• [Problem to solve] Skip the pictures. Output only the lines below starting at the line with "2491 COTTONWOOD LN — photo 16" and ending at the line with "Рецепт смузей из клубники, манго и апельсина", both ends included, exactly as they are.

Brief descriptive captions
[Start of Attachment]
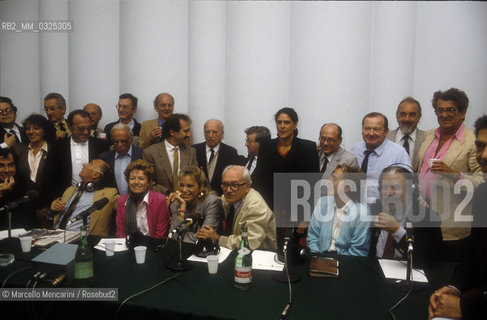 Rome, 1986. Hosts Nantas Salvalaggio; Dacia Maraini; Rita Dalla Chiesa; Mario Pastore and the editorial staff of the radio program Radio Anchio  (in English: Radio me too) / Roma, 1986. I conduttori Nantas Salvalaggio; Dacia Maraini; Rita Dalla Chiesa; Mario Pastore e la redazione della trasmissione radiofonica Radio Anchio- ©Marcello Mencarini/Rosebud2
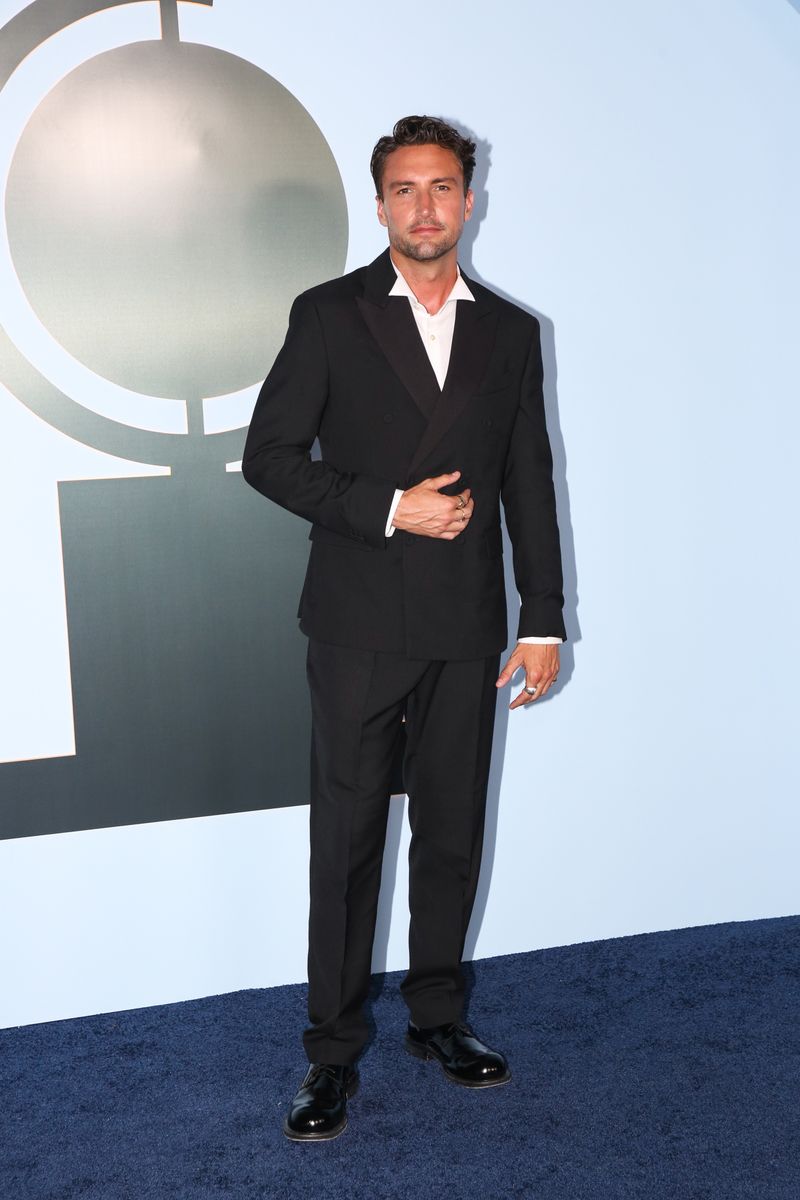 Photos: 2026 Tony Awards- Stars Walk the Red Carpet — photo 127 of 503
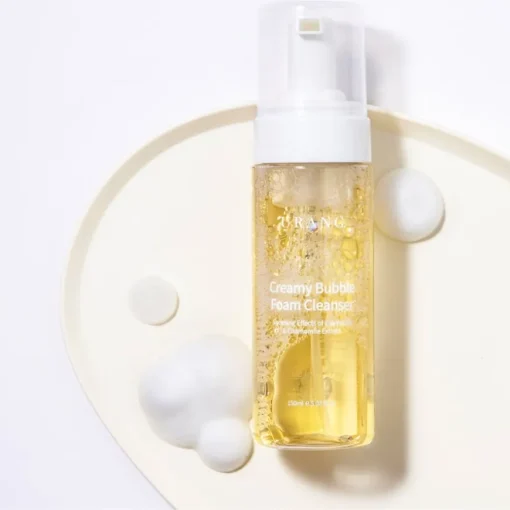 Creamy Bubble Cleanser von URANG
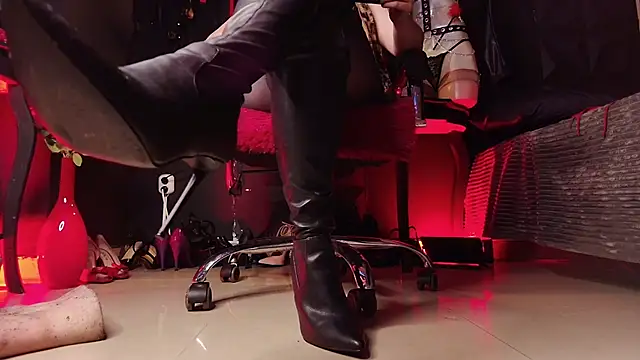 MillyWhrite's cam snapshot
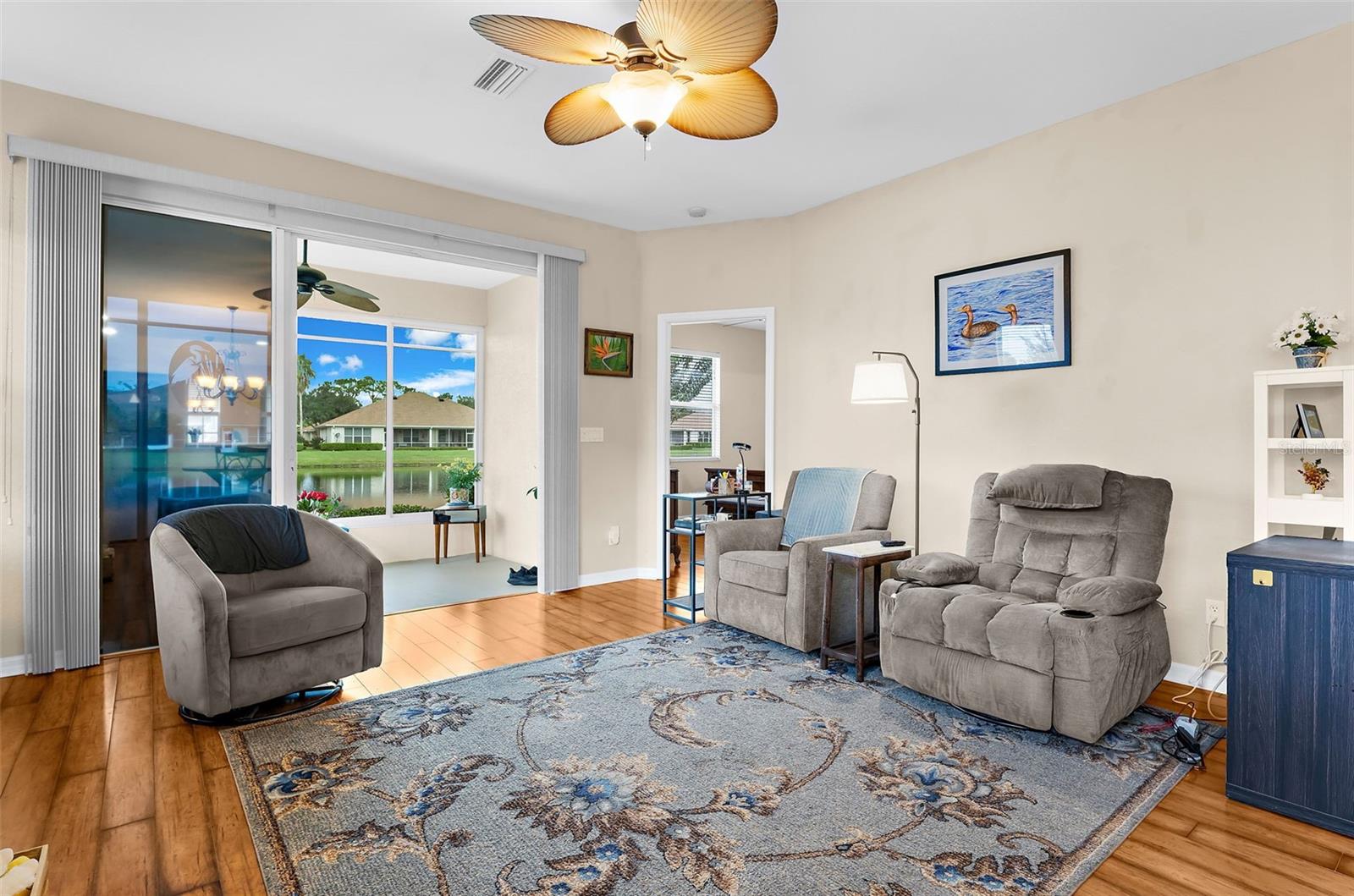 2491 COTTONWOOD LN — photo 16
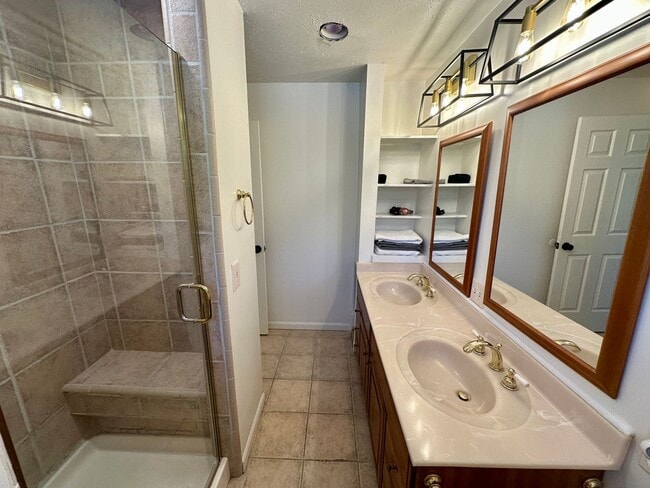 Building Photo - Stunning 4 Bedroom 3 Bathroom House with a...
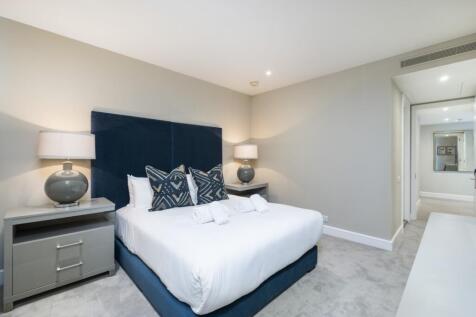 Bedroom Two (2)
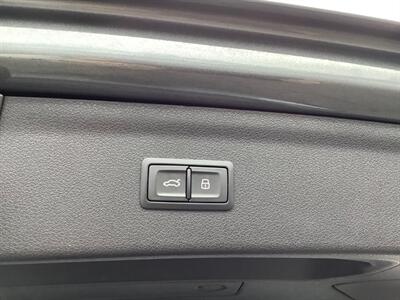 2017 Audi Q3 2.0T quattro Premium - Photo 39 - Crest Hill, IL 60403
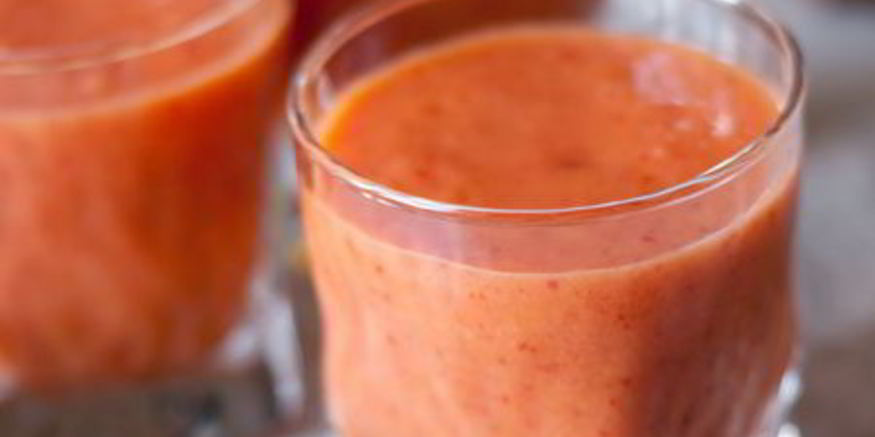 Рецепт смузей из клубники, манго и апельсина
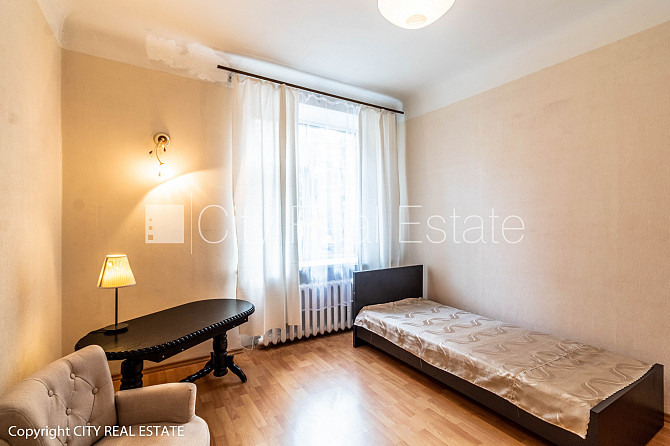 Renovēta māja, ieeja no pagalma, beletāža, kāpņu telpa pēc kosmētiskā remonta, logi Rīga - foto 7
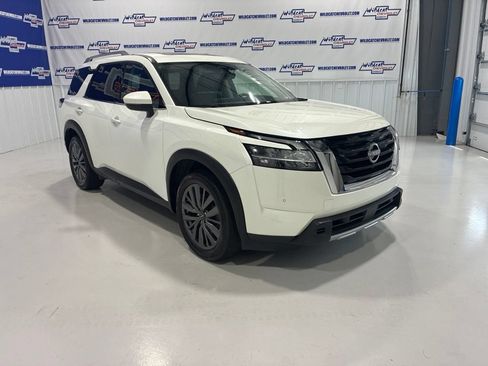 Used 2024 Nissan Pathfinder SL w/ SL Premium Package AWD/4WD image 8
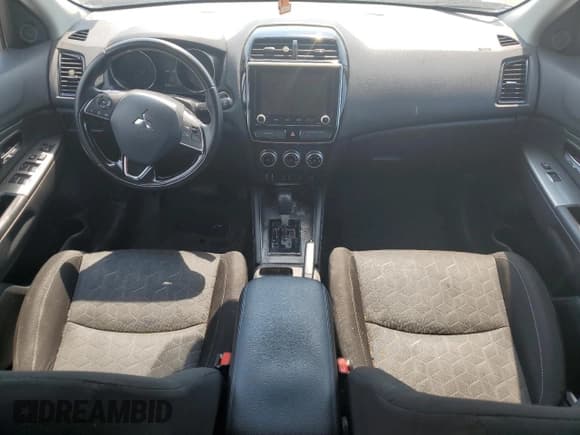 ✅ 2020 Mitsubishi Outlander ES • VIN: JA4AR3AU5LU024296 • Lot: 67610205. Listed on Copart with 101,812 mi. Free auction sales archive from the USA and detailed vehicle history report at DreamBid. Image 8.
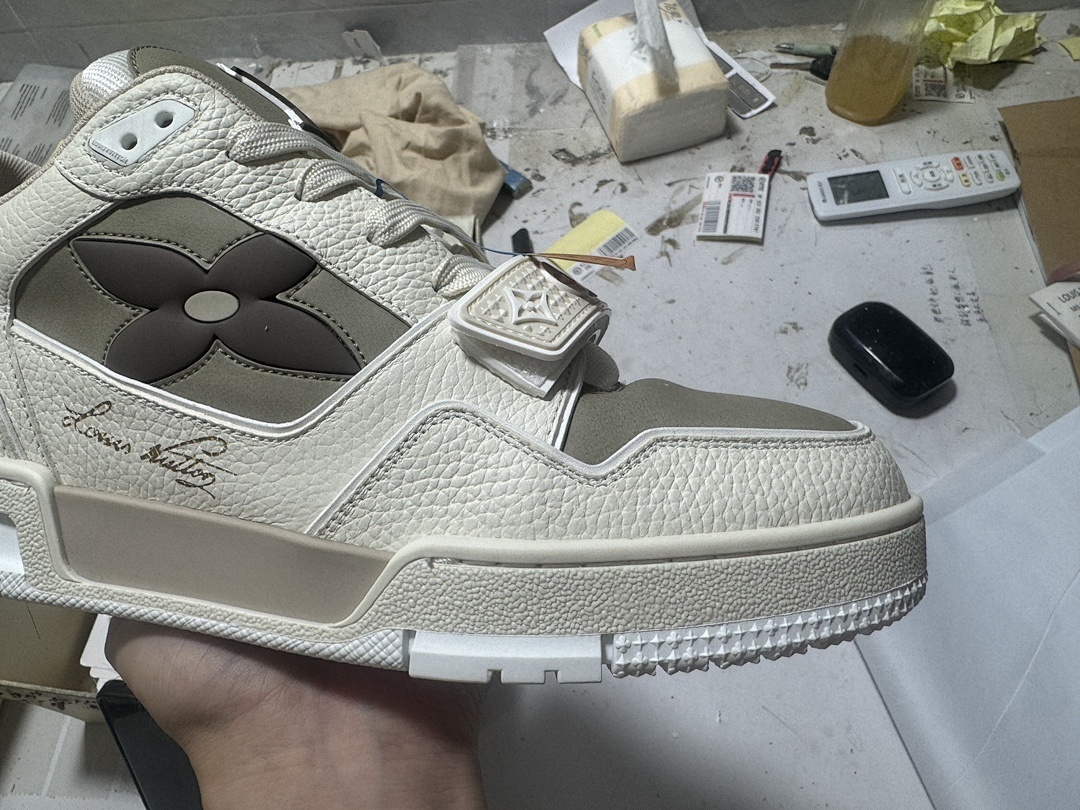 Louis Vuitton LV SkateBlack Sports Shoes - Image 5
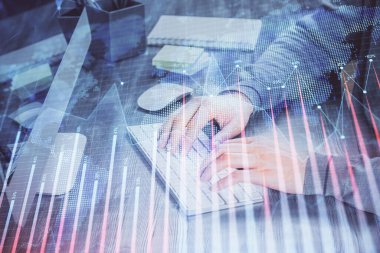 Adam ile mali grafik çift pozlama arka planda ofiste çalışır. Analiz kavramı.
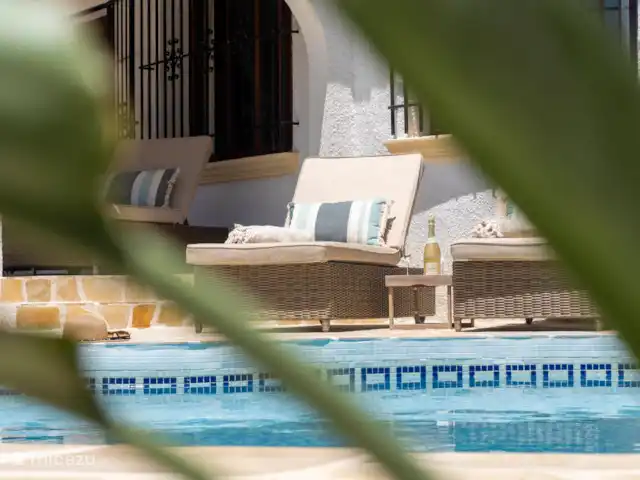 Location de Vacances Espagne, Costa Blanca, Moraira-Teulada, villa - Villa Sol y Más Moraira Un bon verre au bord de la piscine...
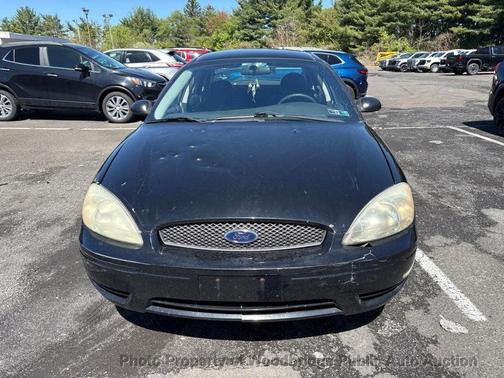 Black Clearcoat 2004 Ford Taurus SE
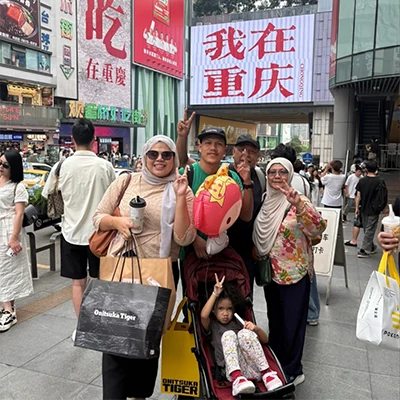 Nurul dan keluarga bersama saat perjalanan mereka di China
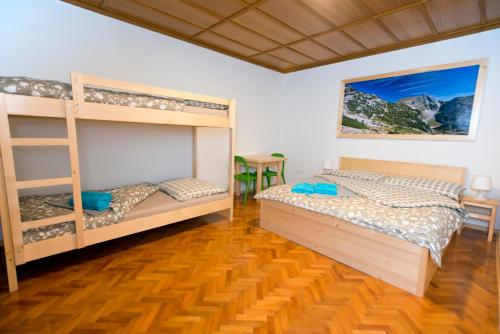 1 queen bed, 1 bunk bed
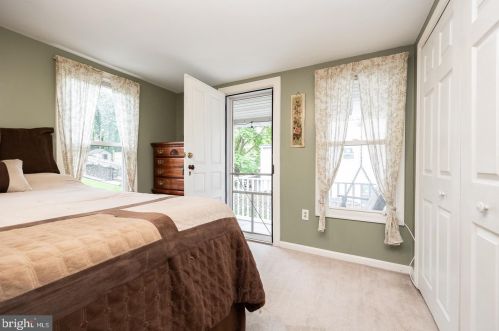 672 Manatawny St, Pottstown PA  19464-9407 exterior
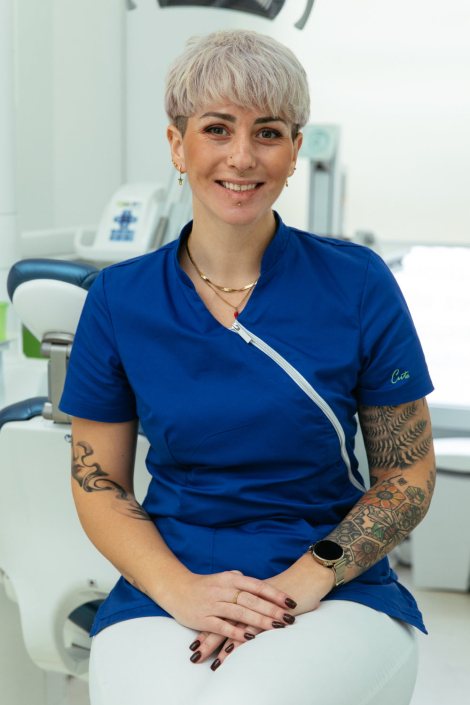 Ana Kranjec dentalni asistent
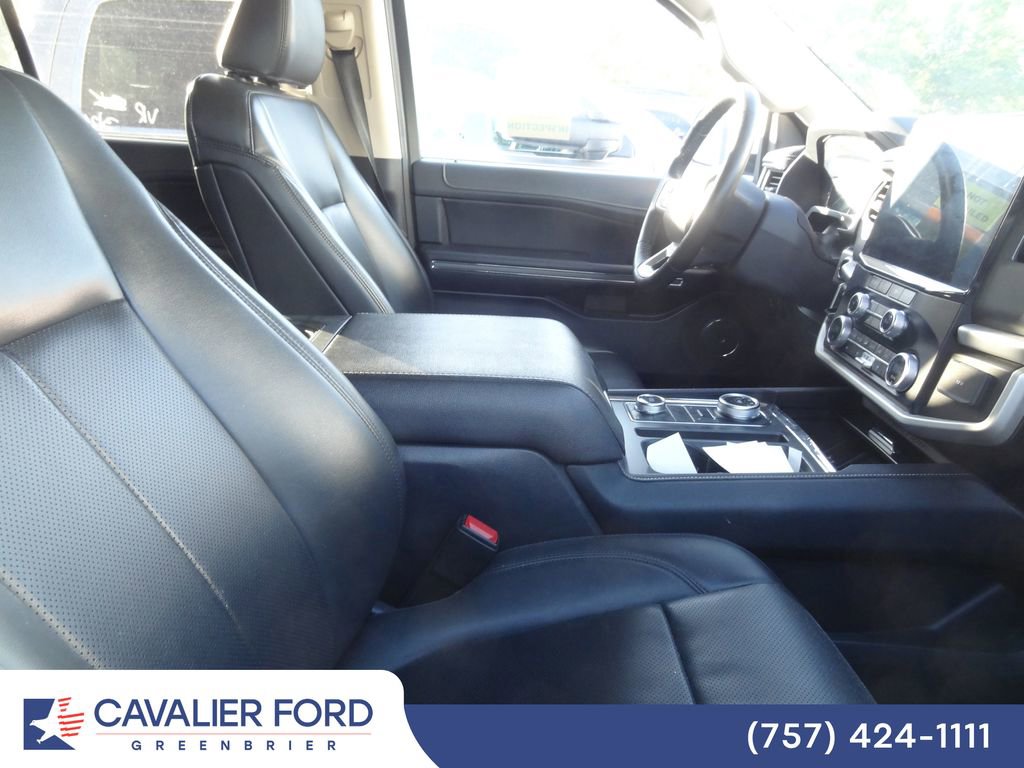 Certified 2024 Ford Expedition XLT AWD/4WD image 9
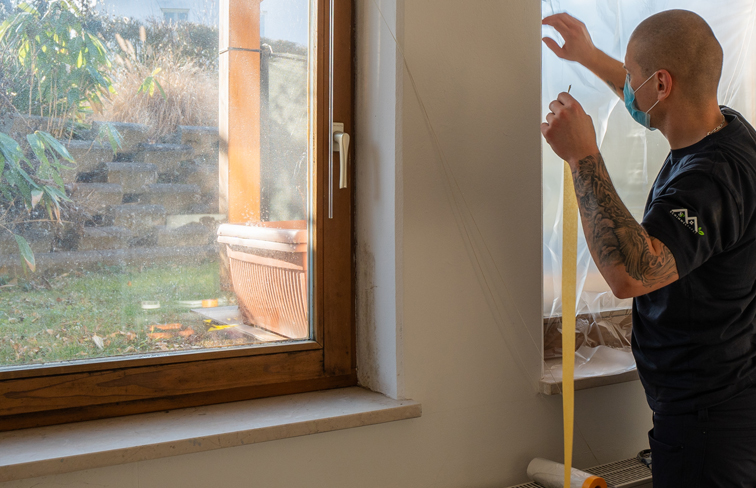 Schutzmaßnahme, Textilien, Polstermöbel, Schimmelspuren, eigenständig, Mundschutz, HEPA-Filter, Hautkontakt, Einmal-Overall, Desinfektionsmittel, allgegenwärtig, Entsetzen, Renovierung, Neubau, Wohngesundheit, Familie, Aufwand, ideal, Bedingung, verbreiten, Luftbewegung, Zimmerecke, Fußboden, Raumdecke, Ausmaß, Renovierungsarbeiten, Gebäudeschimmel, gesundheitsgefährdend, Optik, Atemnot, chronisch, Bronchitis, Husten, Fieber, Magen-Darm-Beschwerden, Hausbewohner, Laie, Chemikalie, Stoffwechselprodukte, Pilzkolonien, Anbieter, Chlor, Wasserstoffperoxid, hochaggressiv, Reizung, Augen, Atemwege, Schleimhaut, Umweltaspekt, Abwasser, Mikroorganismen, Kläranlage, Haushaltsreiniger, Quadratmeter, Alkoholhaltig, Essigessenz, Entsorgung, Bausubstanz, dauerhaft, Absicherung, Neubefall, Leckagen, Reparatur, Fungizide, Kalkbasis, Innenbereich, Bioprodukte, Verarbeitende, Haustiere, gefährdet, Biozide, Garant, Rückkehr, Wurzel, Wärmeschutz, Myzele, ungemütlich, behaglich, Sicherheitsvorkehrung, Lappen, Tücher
[End of Attachment]
• [Answer to the exercise]
 2491 COTTONWOOD LN — photo 16
 Building Photo - Stunning 4 Bedroom 3 Bathroom House with a...
 Bedroom Two (2)
 2017 Audi Q3 2.0T quattro Premium - Photo 39 - Crest Hill, IL 60403
 Рецепт смузей из клубники, манго и апельсина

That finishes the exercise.